How do you use the Intermediate Value Theorem to show that the polynomial function # x^3+2x^2-42# has a root in the interval [0, 3]?

1 Answer
Oct 9, 2015

This function is negative at #0#, positive at #3# and continuous on the whole interval #[0, 3]#. So it must take the value #0# for some #x in [0, 3]#.

Explanation:

Let #f(x) = x^3+2x^2-42#.

Then #f(x)# is continuous at every #x in RR#.

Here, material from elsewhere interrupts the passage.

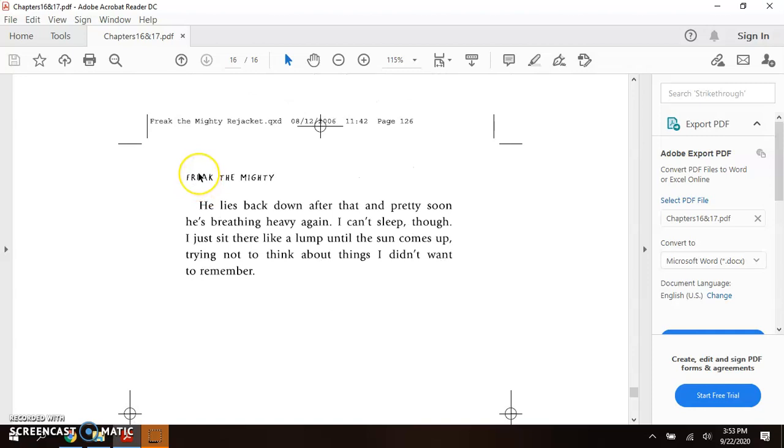He lies back down after that, and pretty soon he's breathing heavy again. I can't sleep, though. I just sit there like a lump until the sun comes up, trying not to think about things I don't want to remember.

#f(0) = 0 + 0 - 42 = -42 < 0#

#f(3) = 27 + 18 - 42 = 3 > 0#

So by the Intermediate Value Theorem, #EE x in [0, 3] : f(x) = 0#

The Intermediate Value Theorem is one way of formulating the completeness of #RR# as an ordered field (a set of numbers closed under addition, multiplication and their inverses, etc).

Notice that the rational numbers #QQ# do not satisfy the Intermediate Value Theorem. For example, the function #g(x) = x^3 - 2# satisfies #g(0) = -2 < 0# and #g(2) = 6 > 0#, but there is no #x in QQ nn [0, 2]# that satisfies #g(x) = 0# (since #root(3)(2)# is irrational).